- **Action item**: Extract, in full, the lines below, beginning at the first and ending with the line that contains "24oz Tumbler - Second". Pictures do not belong in the copy.

- **Items from a data source**:

_ _ _ _

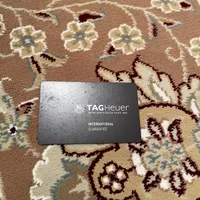 tag heure watch swiss ساعت تگ هویر اورجینال|ساعت|کرمانشاه, |دیوار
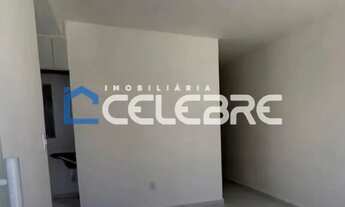 Imagem 2: Casa nova com 2 quartos e área gourmet com churrasqueira Pronta para morar!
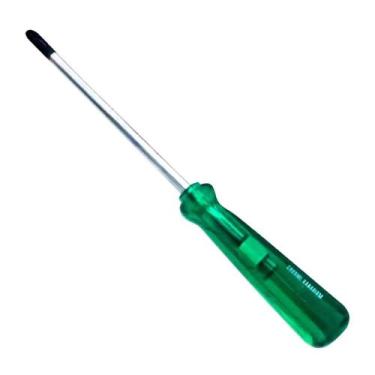 Imagem de Chave Phillips 1/8 x 6 Polegadas - 1145455 - MTX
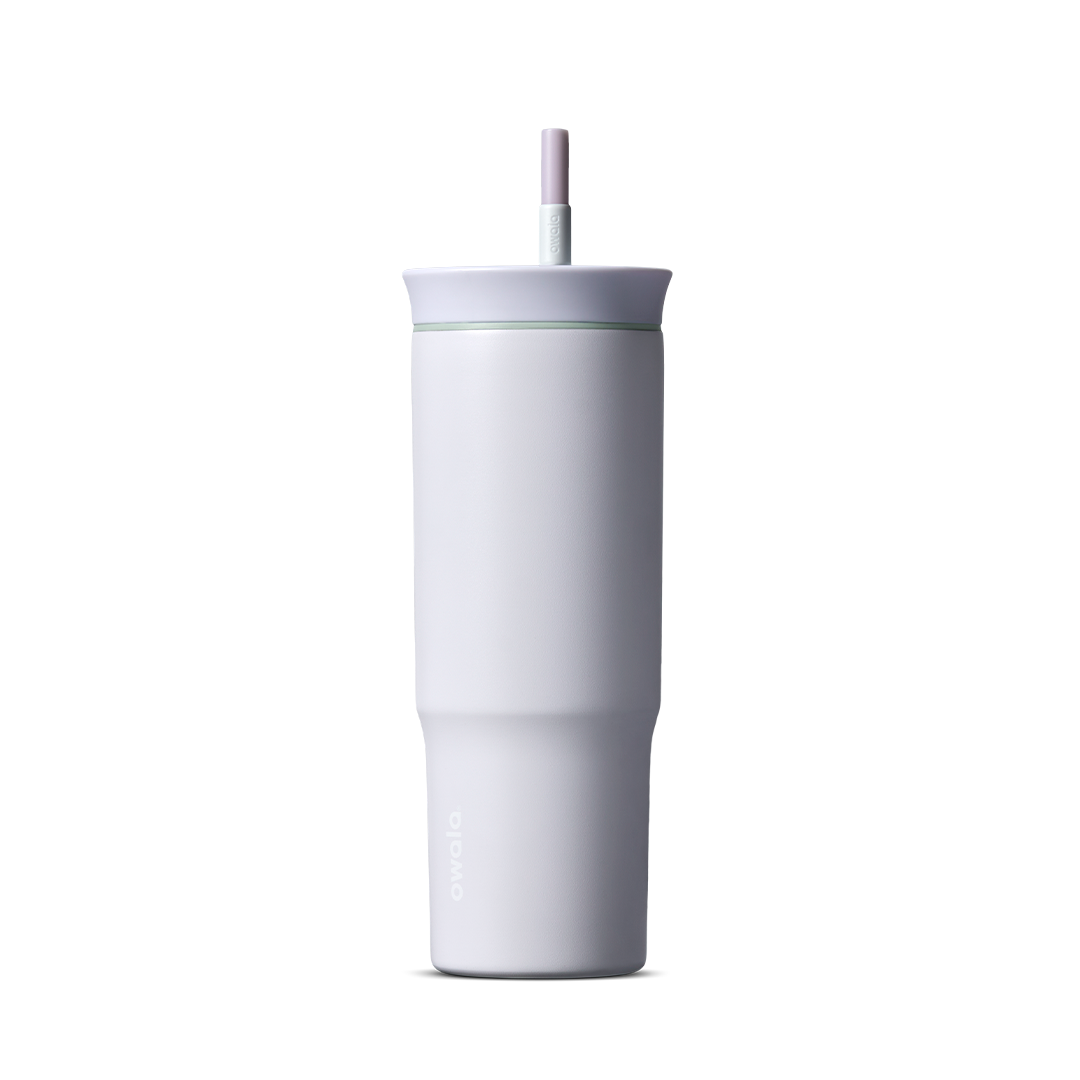24oz Tumbler - Second Set 02 t5v9p ubm9w jtgtk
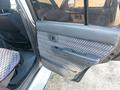 Toyota Hilux Surf 1992 годаfor3 500 000 тг. в Алматы – фото 13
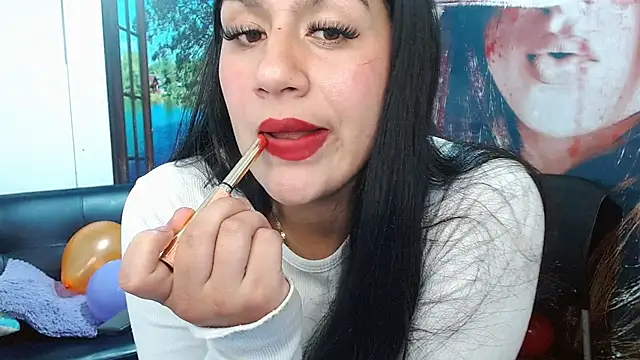 Snapshot of gigi_gilt_ chatting on March 29, 2026, 4:41 pm gigi gilt online show from March 29, 2026, 4:41 pm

_ _ _ _

- **Expected answer**:
 tag heure watch swiss ساعت تگ هویر اورجینال|ساعت|کرمانشاه, |دیوار
 Imagem 2: Casa nova com 2 quartos e área gourmet com churrasqueira Pronta para morar!
 Imagem de Chave Phillips 1/8 x 6 Polegadas - 1145455 - MTX
24oz Tumbler - Second Set 02 t5v9p ubm9w jtgtk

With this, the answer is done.